Moja choroba zaczeła być łagodniejsza, jedna do czasu, teraz boję się najbardziej o swoje zdrowie. Mam pracę, a 5 dni ataków paniki spowodowały że w ogóle nie spałam.
Od 3 lat nie mieszkamy razem, jednak byliśmy ze sobą. Sam fakt wyprowadzki miał pomóc mi stawać na nogi i zdawało mi się że się udaje, póki nie przyszło ścięcie. Mam swoich przyjaciół, mam kochane piesa, wykształcenie, jednak nie radzę sobie z tym wychodzeniem. Boję sie tego przeokrutnie, szczególnie że mam juz problemy zdrowotne,
Partner- bardzo dobrze wykrztalcony, z domu w którym ojciec nadużywal alkoholu, brak okazywania uczuć i czerpanie przyjemności z negatywnych wydarzeń, mocno krytykujący, obarczający mnie winą za naszą sytuację, lubiący co wknd alko spędzanie czasu, nieobliczalny po wypiciu (zwykle wychodzil z domu w jakiś nieznanych mi celach), naciskający na dziecko (przez to że mu nie urodzilam jest dla mnie niedobry), brak przemocy fizycznej, ciągłe namawianie na seks (aż w pewnym momencie odebral mi z tego przyjemnosć), brak empatii, wsparcia i przyjaźni (bardziej chęć rywalizacji).

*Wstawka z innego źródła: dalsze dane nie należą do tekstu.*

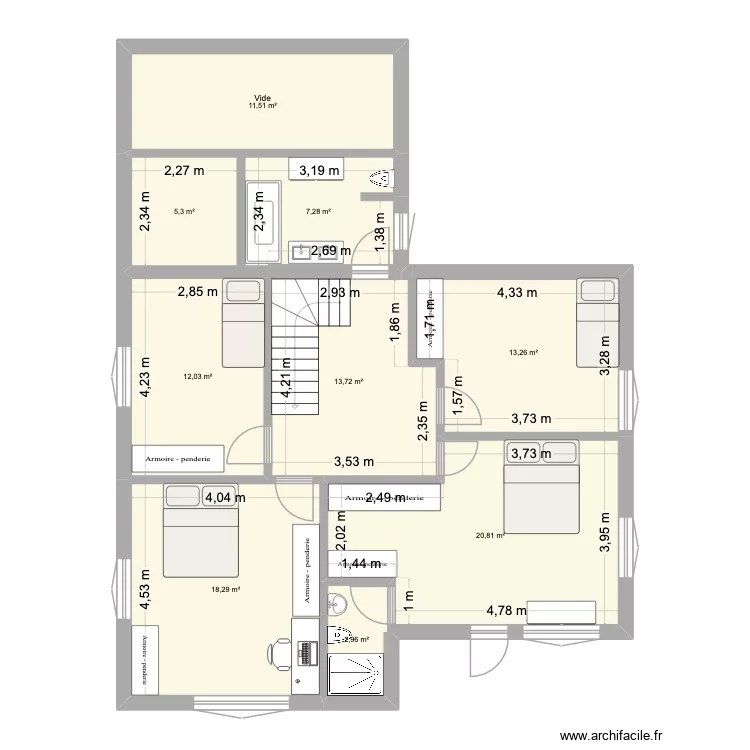 Etage 2. Plan de 9 et 105 m² Etage 2. Plan de 9 et 105 m²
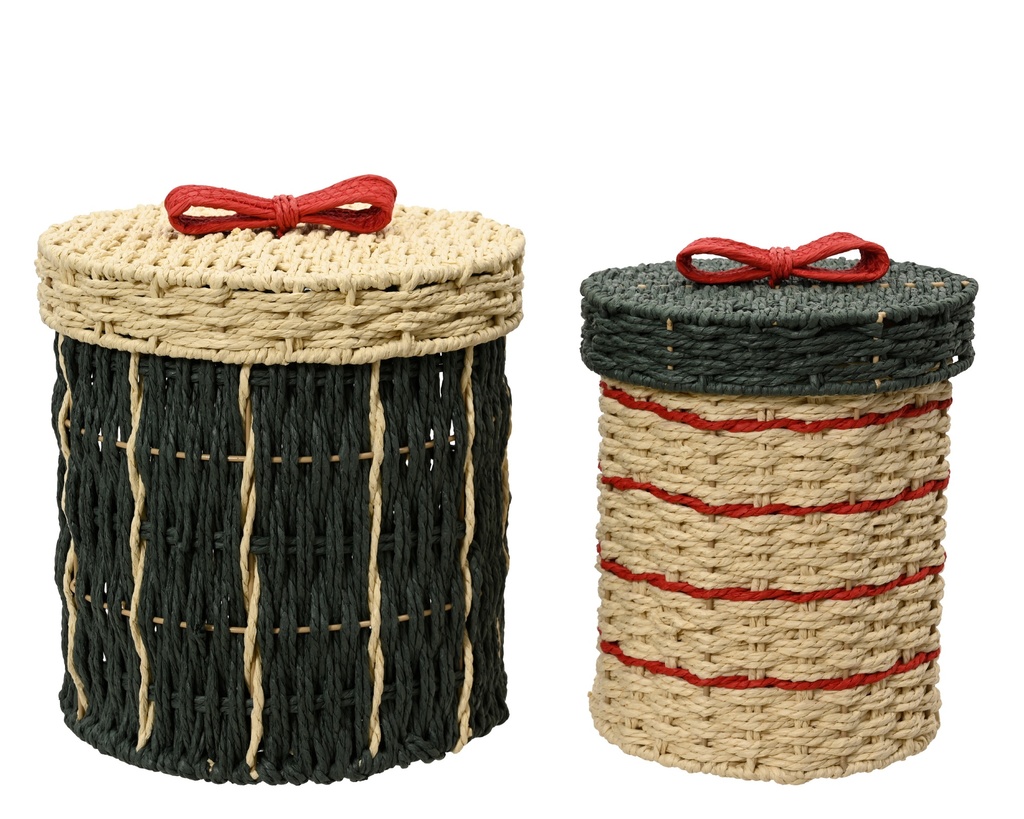 ***BASKET PAPERROPE ASSORTED dia25.00-H32.00cm  / dia20.00-H31.00cm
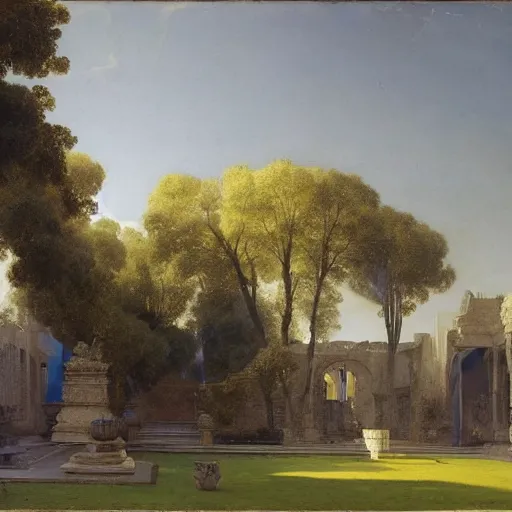 Prompt: gardens of marble ruins draped in flowing sheets of cobalt blue satin, silver and black and gold, by ivan aivazovsky and pieter claesz and paul delaroche and alma tadema and august malmstrom and and willen claesz heda and aelbert cuyp and gerard ter borch, hyperrealistic, volumetric light, rendered in octane, c 4 d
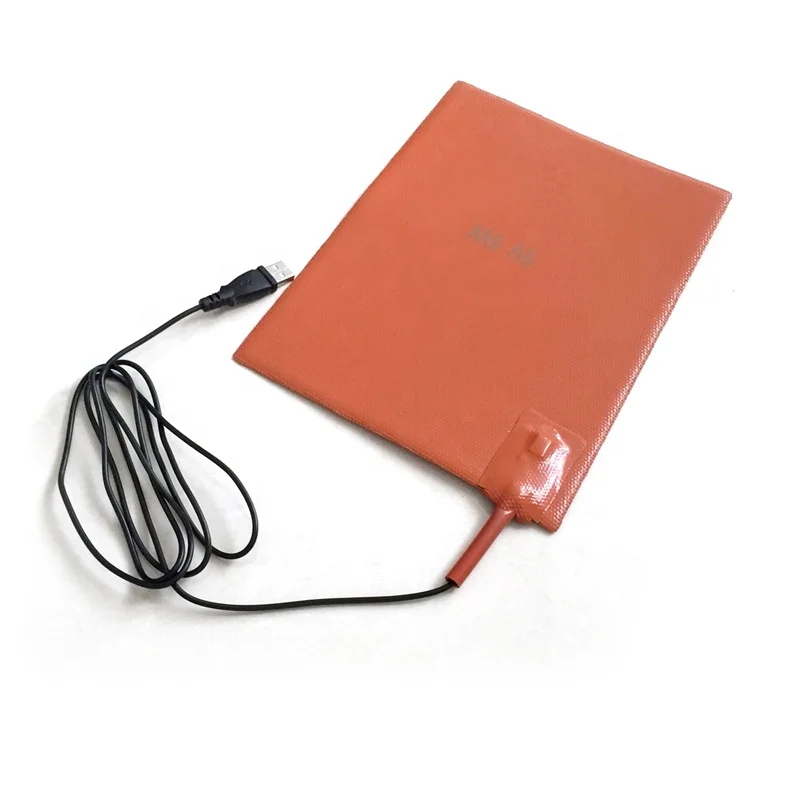 12V 24V DC power Mini Silicone rubber heating pads hot plates  with USB connectors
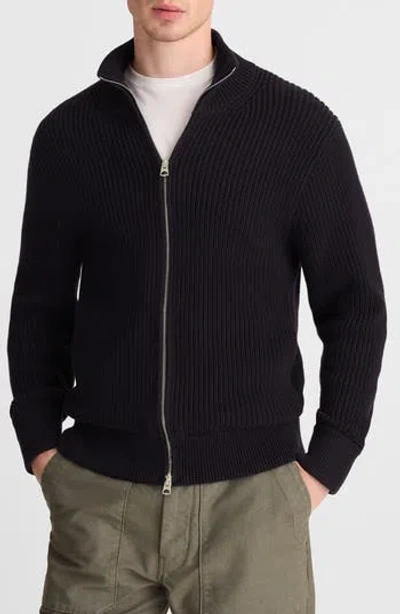 Madewell Shaker Stitch Full Zip Cotton Sweater In Obsidian Blue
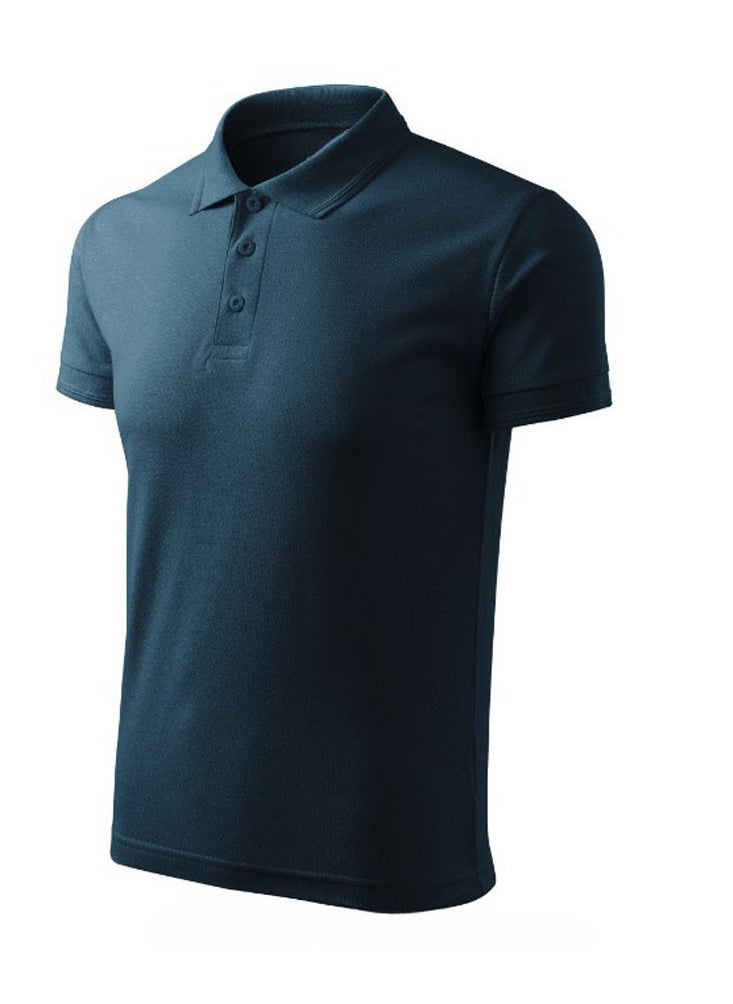 PRINTSHOP4ME Basic Adult Unisex Polo Short Sleeve Tshirt 220 GSM Navy Blue  - Image 5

Najgorszy w tym wszystkim jest fakt, że nie rozumiem czy inni też tak mają? Może to nie toksyczność tylko życie, a ja jako wrażliwiec jestem nieprzystosowana.
Chętnie się do Was przyłączę, by zacząć widzieć obiektywnie, na razie moje emocje biją ślepo o ścianę, a mechanizm poznawczy zdaje się robic ze mnie żarty.
Po 5 latach związku zachorowałam i wtedy zaczęłam widzieć swoją samotność i jego ciężko stronę. Wtedy musialam być zdana na niego, a on mial dystans, wciaż kłócił się i żył swoim życiem. Myślałam, trafiłaś choleryka przecież to nie skreśla czlowieka i trwałam. Myślałam nie rozumie co cię spotkało to nie wie jak pomóc. Moim celem stalo się stanąć na nogi i odejść.
Po roku stan byl już względnie stabilny, ale będąc niepewna siebie, przeszlam z związku w związek. I bach zmienia się, zrozumial, walczy. Pół roku gdy ja próbowałam stworzyć nową relację. Dałam szansę, wrócilam i się przeliczylam. Szybko moje odejście potraktowane zostało za zdradę i następna tona poczucia winy lądowała na moich barkach. W koncu zaczęłam tak o sobie myśleć, że najwyraźniej odeszłam bo bylam tchórzem i tak strasznie zranilam go.
Na chwilę obecną czuję że trochę się zbudowalam z terapeutką, ale wciąż 40% mnie powtarza, że powinnam starać się o niego, bo inaczej stracę wszystko. Ciche mysli w głowie szepcą, przecież on szybko będzie szczęśliwy a Ty będziesz załowała, bo kto Cię teraz chorą weźmie. Mówią, że to moja chora projekcja robi z niego potwora, by było mi lżej poradzić sobie z samą sobą. I na koncu myśli, kto jest toksyczny? Ja czy on, a może nikt.
Na pierwszy post wystarczy, dziękuje za udostępnienie przestrzeni wirtulanej w Waszym zacnym gronie.
Pozdrawiam i życzę przede wszystkim zdrowia!